Menahga School works to improve state test scores
By Nick Longworth
After a half decade of inconsistent and borderline subpar test scores on statewide assessments, the Menahga School District is looking for stability in comparison to the statewide average.
They’re looking for an answer.
The Minnesota Comprehensive Assessment (MCA) is a way for a district to measure academic progress among its student body, in accordance to Minnesota state standards and the Elementary and Secondary Education (ESEA) act. Three different areas are tested for scoring by grade and set in comparison to these standards.
Reading is tested in grades 3-8 and again in 10th, math is tested in grades 3-8 and again in 11th and science is tested in grades 5 and 8, and once again in high school.
Through 2009-2013 Menahga students in grades 5-8 have had trouble meeting the state average test scores for both reading and math.
Of the five years surveyed:
In math only one year did students meet or exceed the state’s average in 5th grade, twice they did in 6th, once in 7th and three times in 8th grade (although two years met the average but did not exceed it).
In reading, twice students met or exceeded the state’s average in 5th grade, three times in 6th and zero times in both 7th and 8th grade combined (although 8th met, but did not exceed the state’s average twice).
These same tests are again administered in high school in 10th and 11th grade.
The reading test is taken again in 10th grade and Menahga students met or exceeded the state average three out of five times in those same years.
The math test, administered in 11th grade, also met or exceeded standards three out of five times.
So why is it in middle school specifically that these scores drop so significantly?
“When I came to Menahga we were in the tank,” said Superintendent Mary Klamm.
“Middle school is a challenge, because it’s middle school. Think of a first, second or third grader and they’re all excited for school. Then you think about a junior in high school, and they’re starting to think about their future,” Klamm said. “On both ends are fine, but in middle school they could give less. Their focus is on their friends.”
In 2009 the Minnesota’s MCA math tests were changed statewide in order to more accurately reflect the “common core” education principals – a national set of standards intended to better prepare students for college or a career.
In 2013, the reading tests switched over to reflect these common core principals as well.
“Everybody’s scores in the whole state tanked (after the reading switch). The reading is much more in-depth and technical and we’re adjusting to that,” Klamm said.

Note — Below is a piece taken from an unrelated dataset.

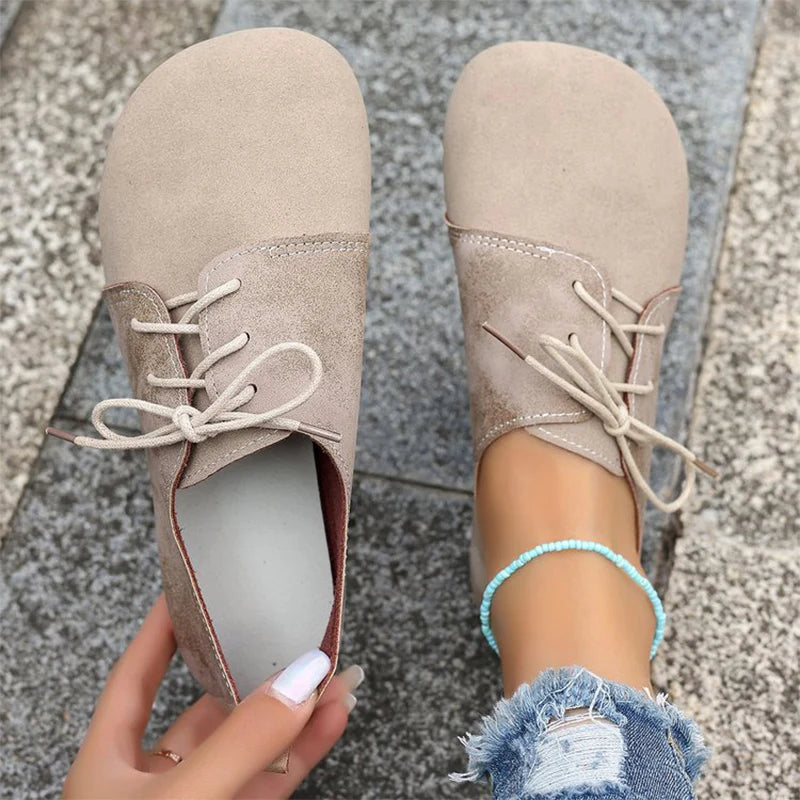 Zapatos Planos Marrones con Cordones | Gamuza Sintética | Punta Redonda | Talla Grande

These adjustments could account for some of the sluggish test scores, but they also may only be isolated incidents that do not reflect the overall statistics shown.
And then there’s also new technology to consider.
Last year was the first full school year in which Menahga implemented a “1-to-1” tablet policy, equipping every student with their own personal electronic device for educational purposes.
These devices are a step into a new world of technology for the district, and also for many schools around the nation as well.
Dubbed as a convenient and all-encompassing resource, they allow students to expand their education even further and at a pace never before seen with a textbook.
“It gives teachers another tool for learning,” Klamm said. “There have always been different tools that kids will want to use as opposed to something adults would rather have them do. The TV, radio, cell phones – we’ve all had them.”
But are these tablets yet another distraction for students? Especially for those who are at a very formative age and have an important test to take? Klamm doesn’t think so.
“Kids wanted to play games, but that cooled off as the year went on. They now have an (iPad) as a resource to create things, along with other resources. There are different ways that the iPads are being used in classrooms, but it’s not like we thought,” Klamm said, explaining the ongoing use of the tablets in the classroom.
“It can bring wonderful, valuable experiences, but it can also be a pain. It’s really about classroom management,” she added. “For the teacher in the classroom, things never stay the same. You have to adjust your classroom management for this new tool that you have. In any business or industry, you have to adjust all the time. Things change, technology changes. Teachers over the years have had so many things come at them, and they are adjusting.”
Presented with the MCA score statistics this way, Klamm said that the district has made progress in the right direction over this same tenure, which is true.
However, a sizeable gap still remains.
“The big thing is in time our scores have improved every single year and what we want to do is continuously improve,” Klamm said. “We are not happy, and we’ve been working really hard. Only now have 7th and 8th grade become consistent.”
Klamm alluded to consistency as being teacher turnover, which she says has had an effect on some score results.
“One of the things our teachers are doing now is further studying of the common core standards, and what they entail,” Klamm said.
“Before the common core standards of reading in the high school, it was difficult for teachers to understand the importance of reading in their curriculum area. But now in the common core they have the standards right within the content area. I give teachers in general a lot of credit for their changes in attitude towards what has to happen; they really do make a difference.”
Klamm also noted that students who are struggling with reading are encouraged to enroll in an extracurricular group called “Reading 180” offered in the high school by Principal Dan Stifter. She describes the program as an “intervention program to help kids with comprehension and other problem areas.”
No such program is available at the moment for math.